Prompt:
Every line from the one with "探索信用卡还款周期的可能与风险：一年一次还款是否可行？" to the end of the listing below must be printed exactly, with no other text and no pictures.

#### Data excerpt

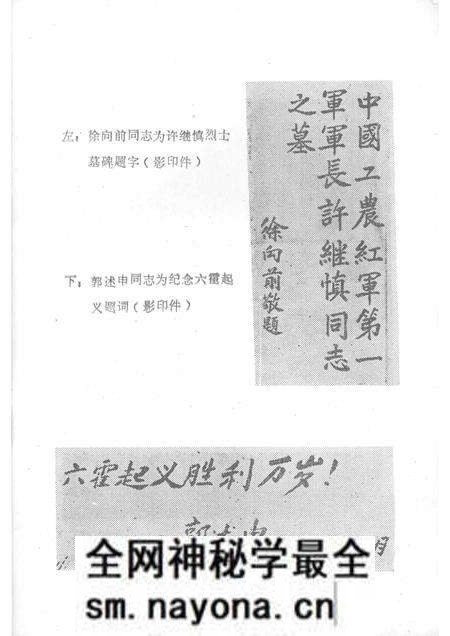 1985版中共六安县党史人物传 第一辑.pdf电子版_安徽省志预览图5 1985版中共六安县党史人物传 第一辑.pdf电子版_安徽省志预览图5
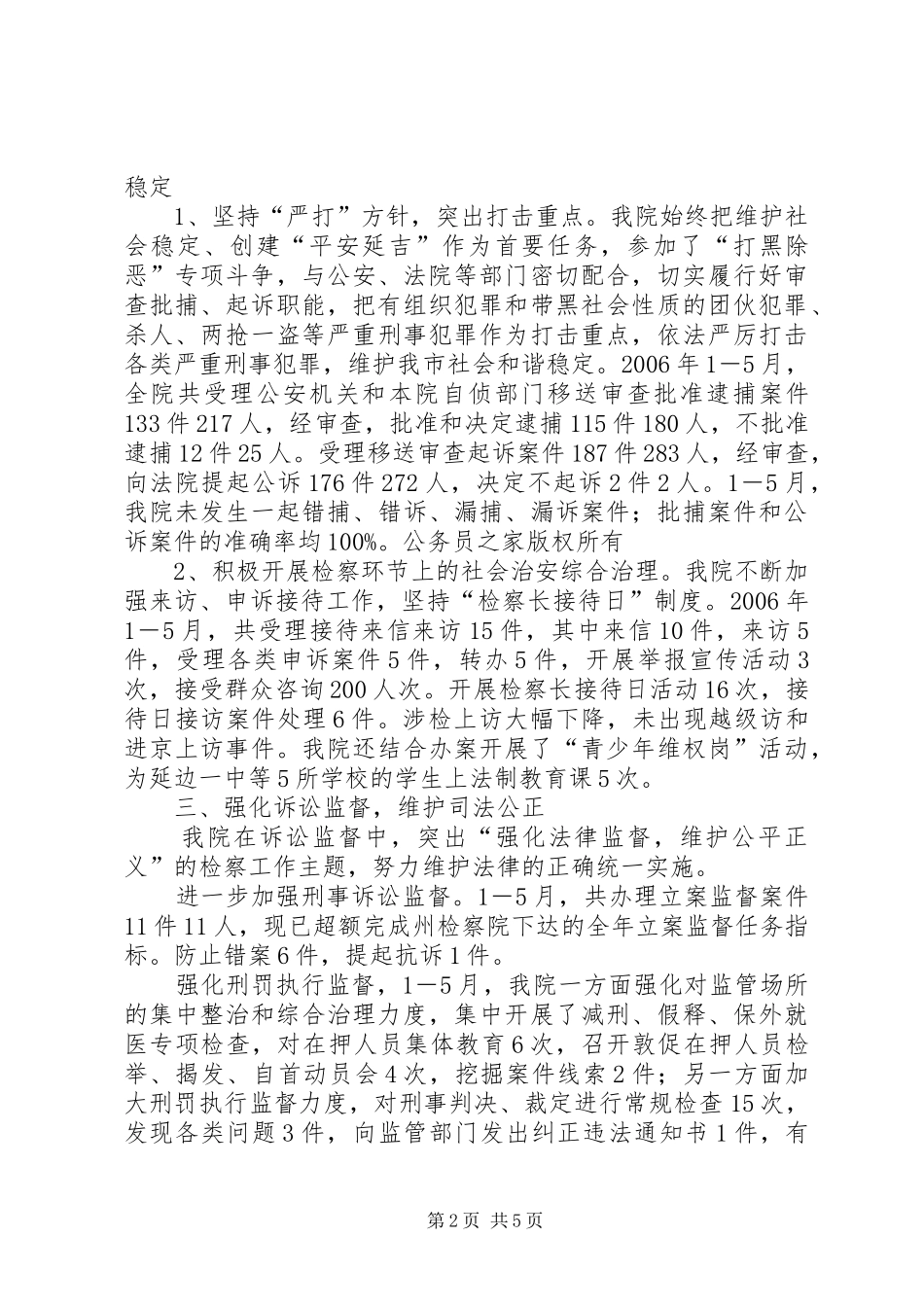 2024年市人民检察院工作情况汇报_第2页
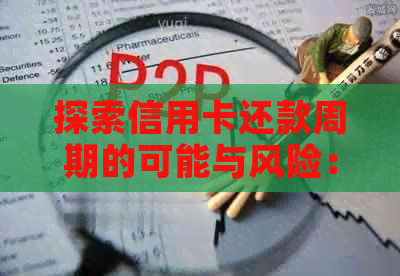 探索信用卡还款周期的可能与风险：一年一次还款是否可行？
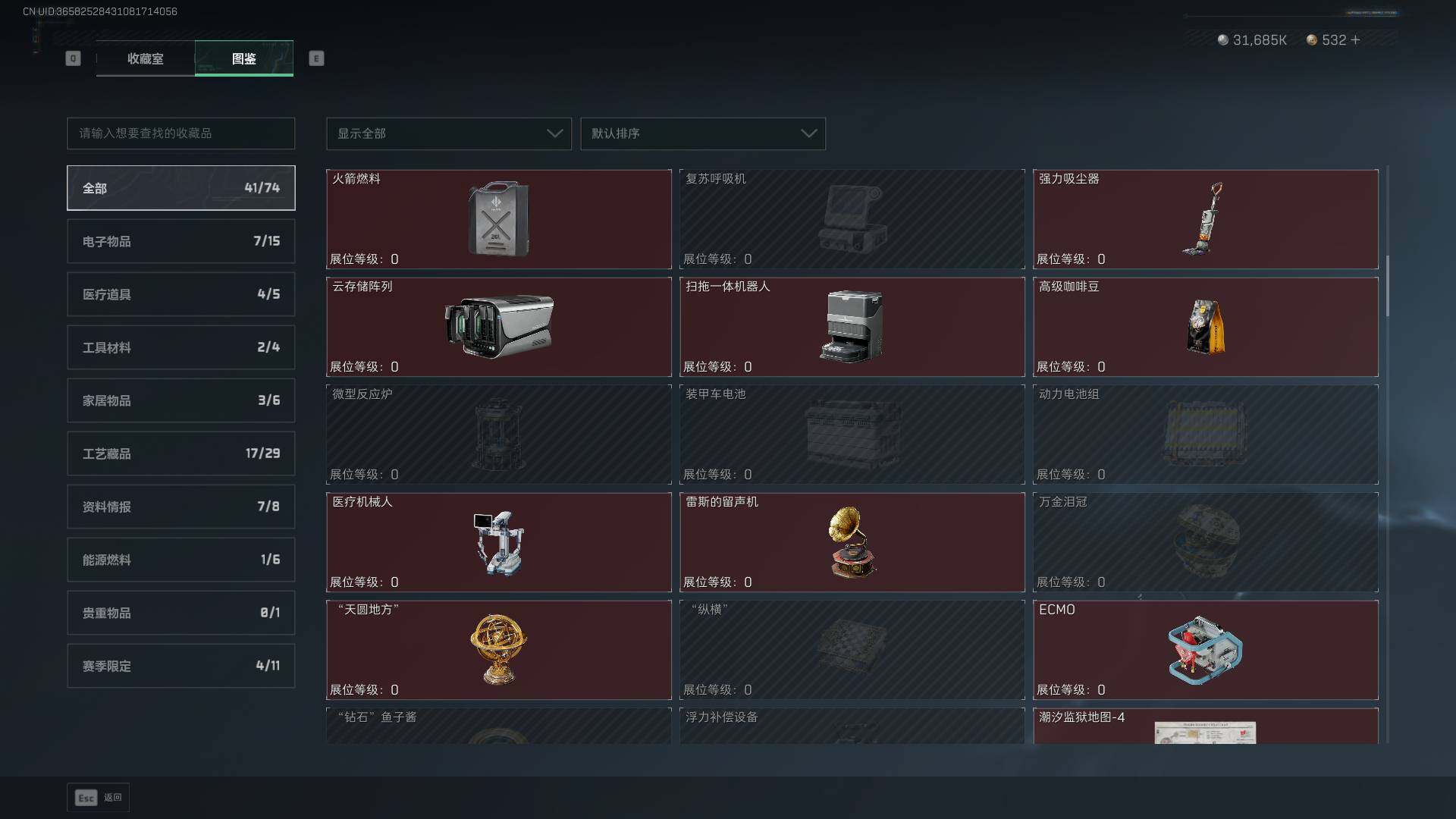 SJZLXY382738三角洲行动账号详情图24 SJZLXY382738三角洲行动账号详情图24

########

Answer to this problem:
 探索信用卡还款周期的可能与风险：一年一次还款是否可行？
 SJZLXY382738三角洲行动账号详情图24 SJZLXY382738三角洲行动账号详情图24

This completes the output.